Germany and France at odds as euro falls
EU leaders sought to advance a new plan to stimulate economic growth as Germany and France laid out opposing strategies to tackle the debt crisis, raising fresh questions about Europe’s ability to overcome the debacle.
At an emergency summit last night in Brussels, the leaders were introduced to the new French president, François Hollande, and Greek caretaker premier Panagiotis Pikrammenos.
Mr Hollande said he raised the possibility of introducing eurobonds with a common euro zone guarantee as well as the granting of new powers to the European Stability Mechanism bailout fund to directly rescue banks.
He insisted he was not alone in backing eurobonds, long resisted by Dr Merkel, but recognised tough opposition to the notion from leaders he did not name.
“I noted that a number of countries were totally hostile, others considered this in the long term and yet other countries considered that it could be feasible at a closer date,” he said shortly before 2am this morning.
“It is not for me to speak on behalf of Germany but what I noted is that Mrs Merkel does not consider eurobonds to be an element of growth but as a long-term integration perspective.”

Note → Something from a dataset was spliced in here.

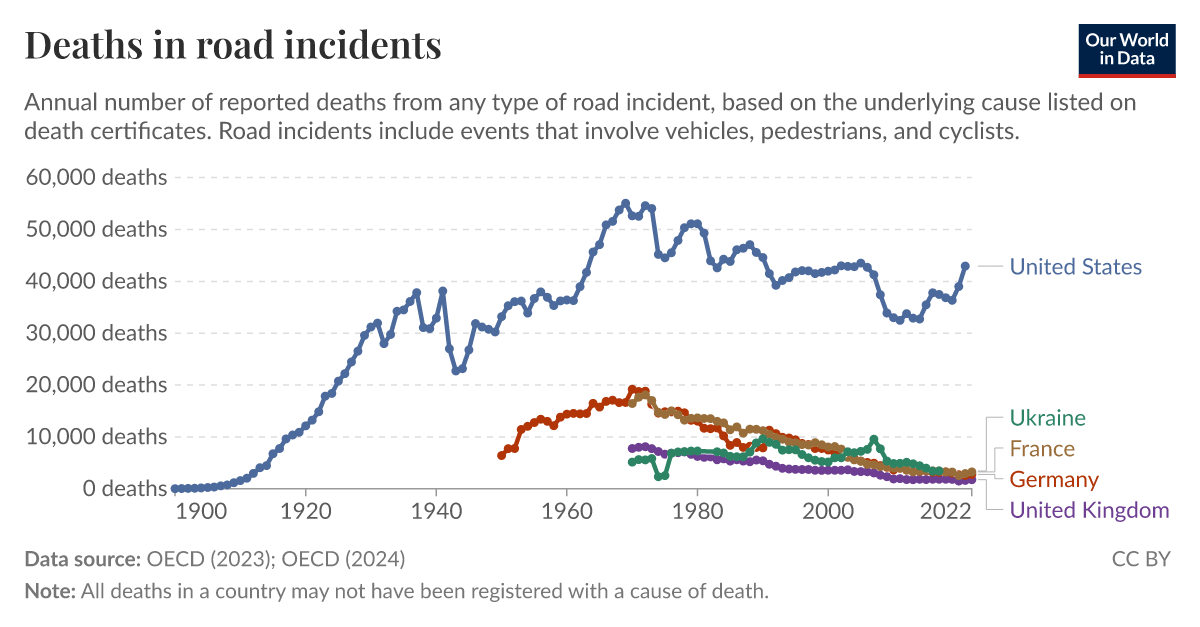 Deaths in road incidents Our World in Data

For her part, the chancellor said there was a difference of opinion on this topic but said the discussion was very balanced.
“We spoke differently about eurobonds. I said we need greater economic co-ordination in eurozone and that we see considerable difficulties when we think of the fiscal treaty what possibilities exist to shape the treaties,” she said.
On this point she was supported by European Central Bank chief Mario Draghi, who said eurobonds made sense “only when you have a fiscal union”.
Mr Draghi said the most important thing to emerge from the meeting was a “commitment to move economic and monetary union to new stages.”
He and the German and French leaders were speaking separately to reporters after a summit in which EU leaders sought to advance a new plan to stimulate economic growth.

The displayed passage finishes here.